But to those who haven't, yet wave the flags, profess their love of country, especially whether "right or wrong," who get all teary-eyed at the passing parade and all hateful-eyed at those who don't, who define patriotism as saluting their flag and not much else, and who think "support our troops" is a bumper sticker -- about those people I'm not so sure. On Memorial Day we hear it said how wars have been our finest hours. For the soldiers, fighting to save themselves and to protect their buddies, with or without a sense of duty and honor, it may well have been. For many, it most certainly was. Called upon to perform heroic acts, to live in unimaginably horrifying conditions, they did. But was that the finest of what they might have been capable? Is that really our best? Shouldn't we hope to hell that it's not? Is life really so meaningless that in war we find our highest purpose?
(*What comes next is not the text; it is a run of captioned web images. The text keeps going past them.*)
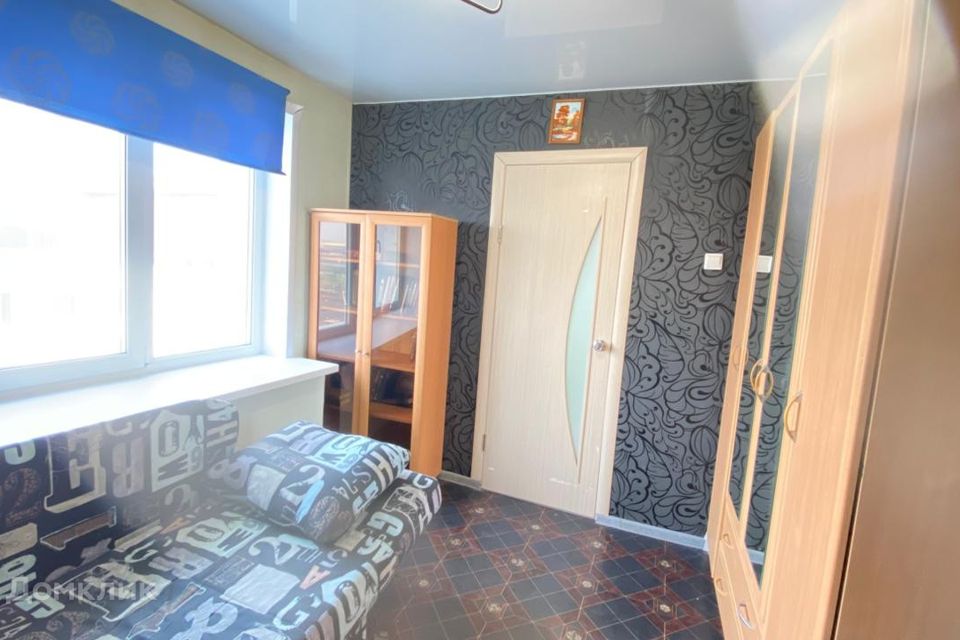 Сдаётся 4-комнатная квартира, 60.9 м²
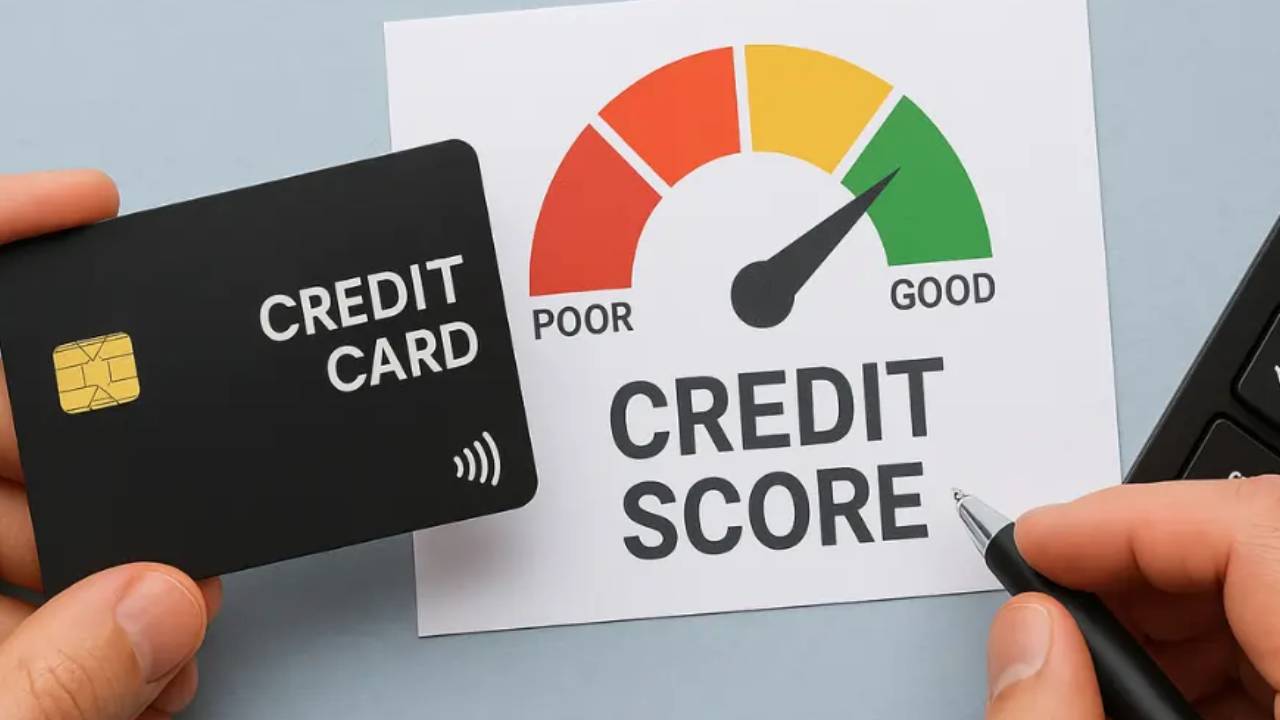 Good Credit Score : క్రెడిట్ కార్డ్ లేకున్నా మంచి క్రెడిట్ స్కోర్‌ పెంచుకోవచ్చు తెలుసా? ఇలా చేయండి!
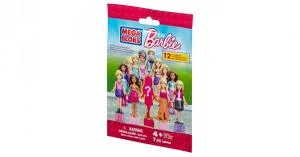 Original packaging for 80100 Mini Fashion Figures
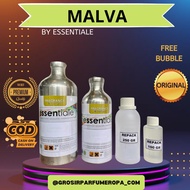 Parfum Bibit MALVA 250gr SEGEL BY ESSENTIALE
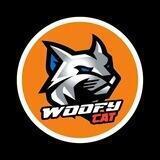 Woofy Cat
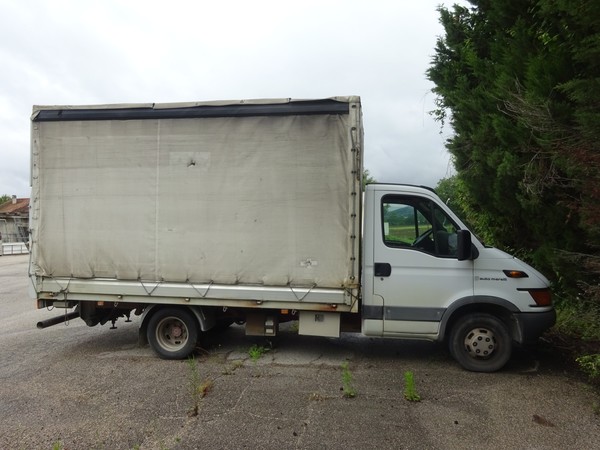 1#4747 Cessione di azienda dedita alla lavorazione di lamiere in vendita - foto 21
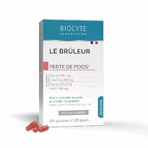 Biocyte Slimming Burner для снижения веса 60 капсул: цены и характеристики
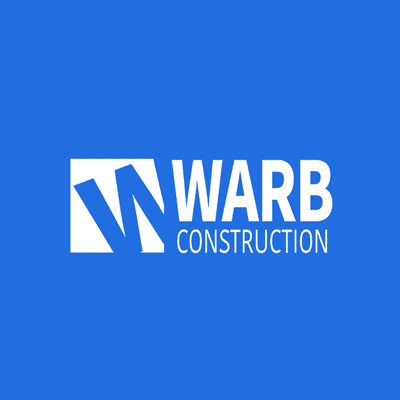 Avatar for WARB Construction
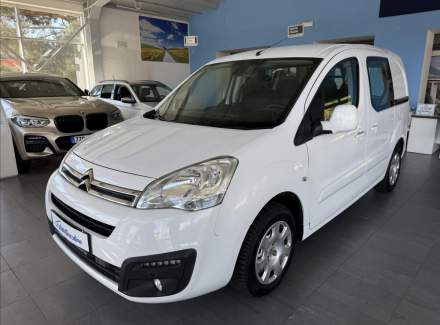 Citroën - Berlingo
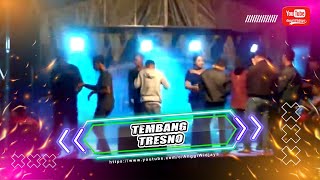 TEMBANG TRESNO - YATI ASMARA - WIJAYA ENTERTAINMENT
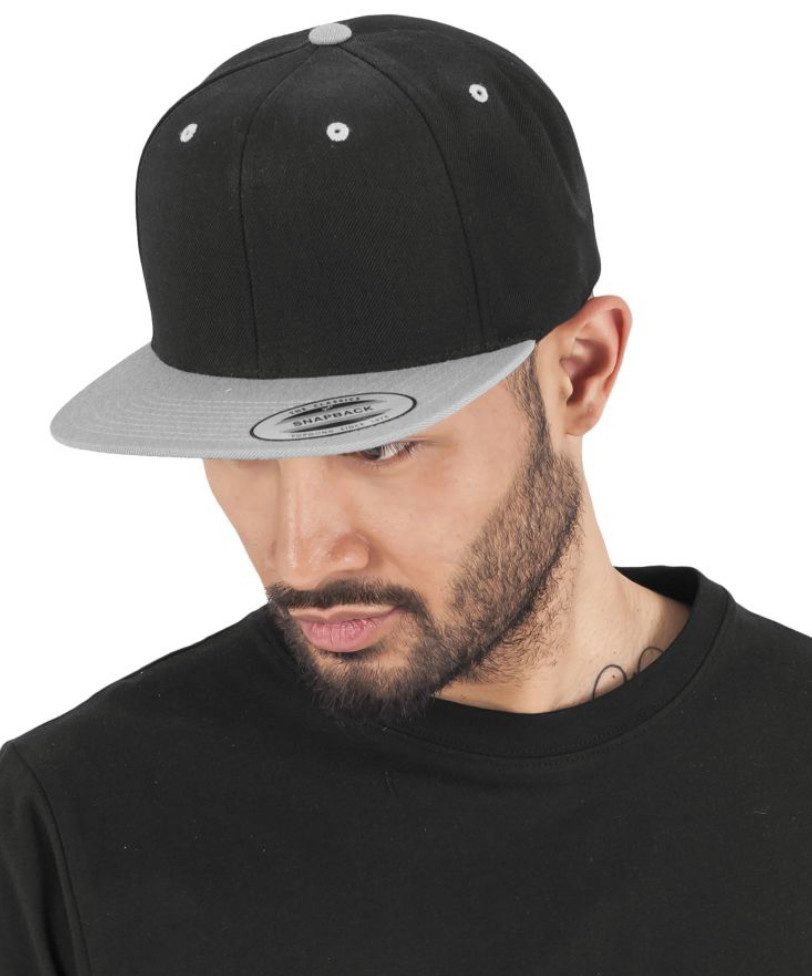 Flexfit Flex Cap "Flexfit Unisex Classic Snapback 2-Tone" günstig online kaufen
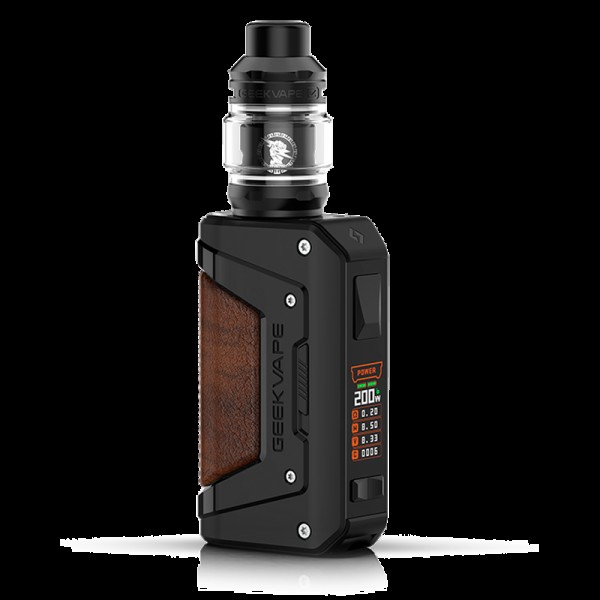 Geek Vape Aegis Legend 2 (L200) Vape Kit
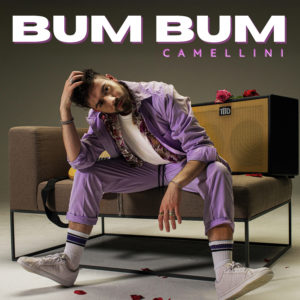 MPP132 | Camellini – Bum Bum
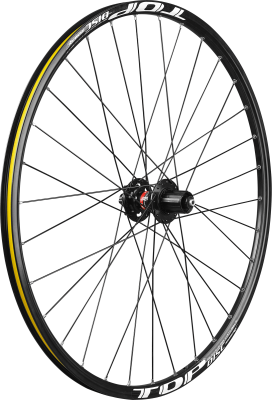 TOP DISC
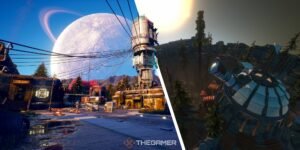 Menjelajahi Batas Akhir: Game dengan Eksplorasi Luar Angkasa Terbaik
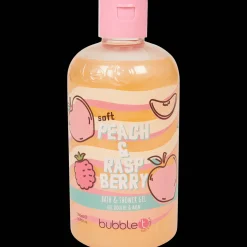 Bubble bad- en douchegel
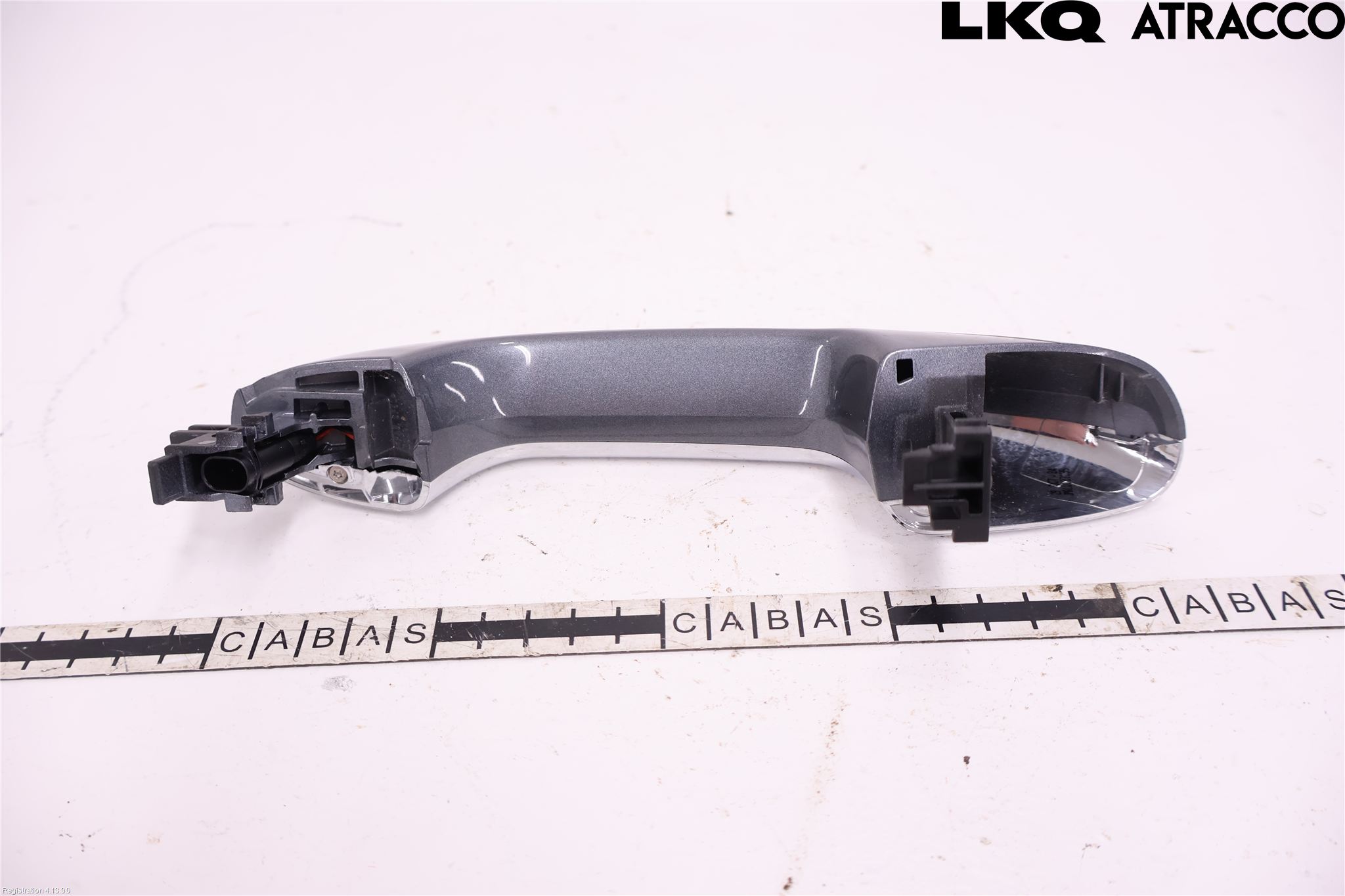 Mercedes-Benz MB C-KLASS (W206) 21- Dørhandtak Ytre Venstre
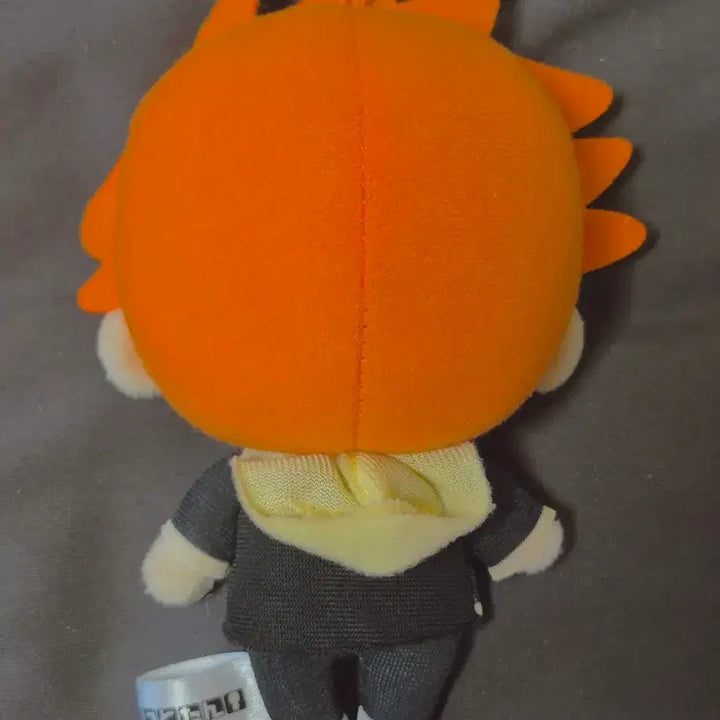 [BUNJANG] Haikyuu!! Shoyo Hinata Nitotan Plush / 하이큐 히나타 쇼요 인형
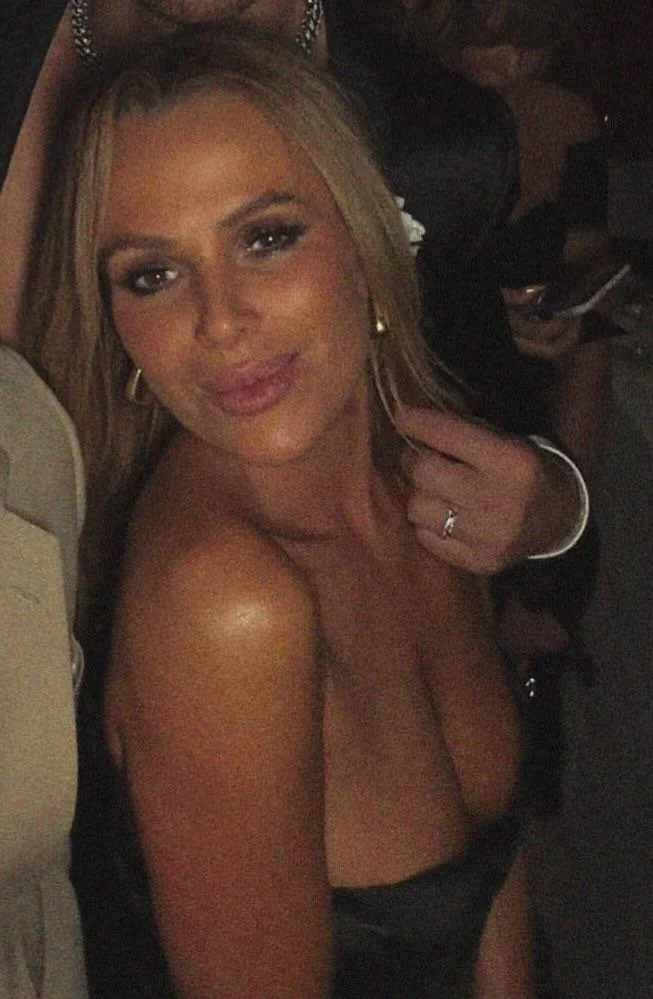 Amanda Holden picture 1 of 1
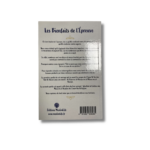 LES BIENFAITS DE L’ÉPREUVE – Image 2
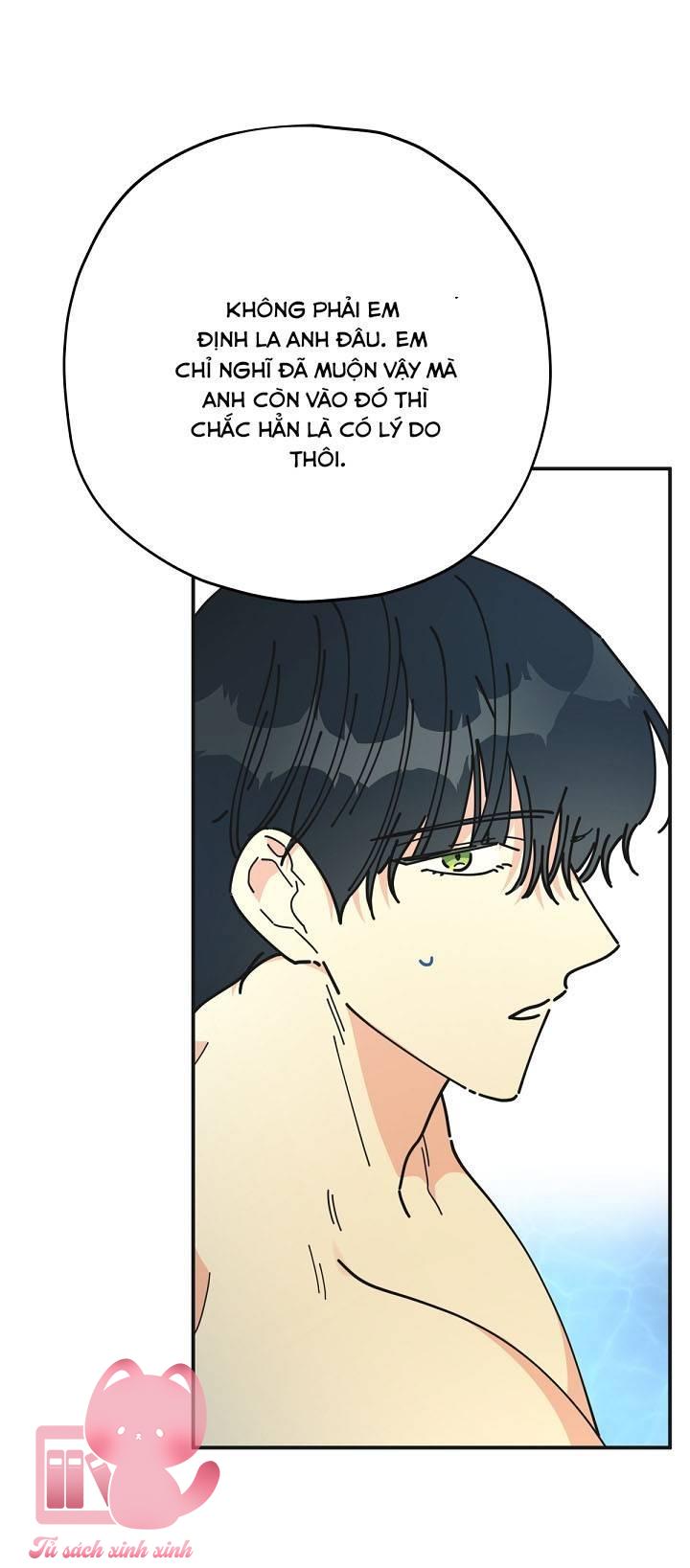 Người Hùng Của Ác Nữ - Chap 65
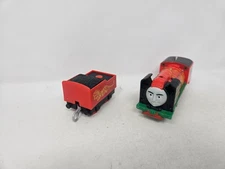 Thomas & Friends Trackmaster Motorized Yong Bao Train Tank Engine VGUC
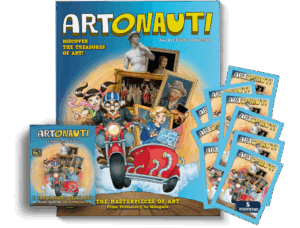 Complete and Guaranteed Collection The Masterpieces of Art - From Prehistory to Gauguin
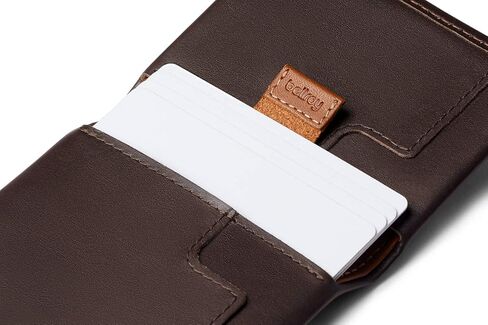 Bellroy Slim Sleeve, slim leather wallet (Max. 8 cards and bills) in Kuwait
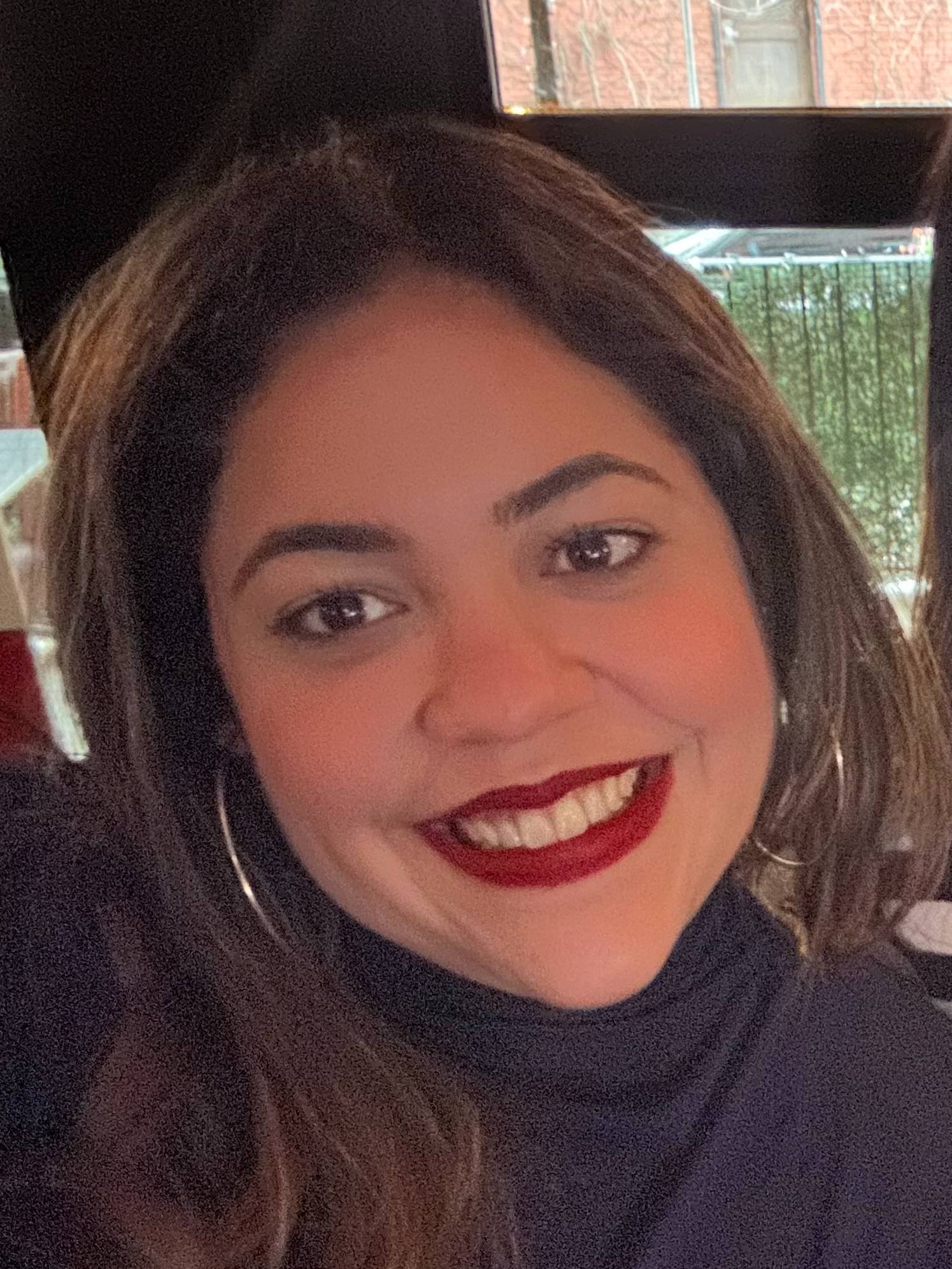 Nissel Rojas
As much as I honor and respect those who have fought in our wars, and as much as I am aware of the loss of those who died or whose lives were permanently damaged, that much and more am I disgusted by the smirking and secure, the rich and righteous hypocrites who foment the hatred, who prey upon human weakness and misery, who use the unspoken sense of purposelessness that so many people have and turn it, cynically, into faux patriotic pride. Over war. Over the threat of war. Manipulating the mistaken but nearly ubiquitous belief that war is good, that war is righteous, that war is who we are, they win elections, they revel in the spotlight, they spew untruths through the airwaves from their well-padded seats at the table of public opinion. It's shameful.

In having gone to war, dutifully, voluntarily or not, with high ideals or not, mistakenly or not, there's no shame. But at the thought of having been led there with deceit there's great sadness. For those leaders whose cynical recognition and manipulation of our over-arching human frailties, our desperate need for meaning; for those who, generation after generation, translate so easily our weaknesses into willingness to see war as greatness, and to define patriotism in terms of how we respond to that idea; for them I have mostly contempt.

In wars there are countless acts of individual greatness. In some wars nations have responded to need and risen to greatness. But wars are not great; only the people who fight them. And the people who fight them, I remember this Memorial Day, are, mostly, doing so at the behest and consequence of people who are wrong more often than right, who have their own unspoken purposes, who have run out of ideas, and who are decidedly not great.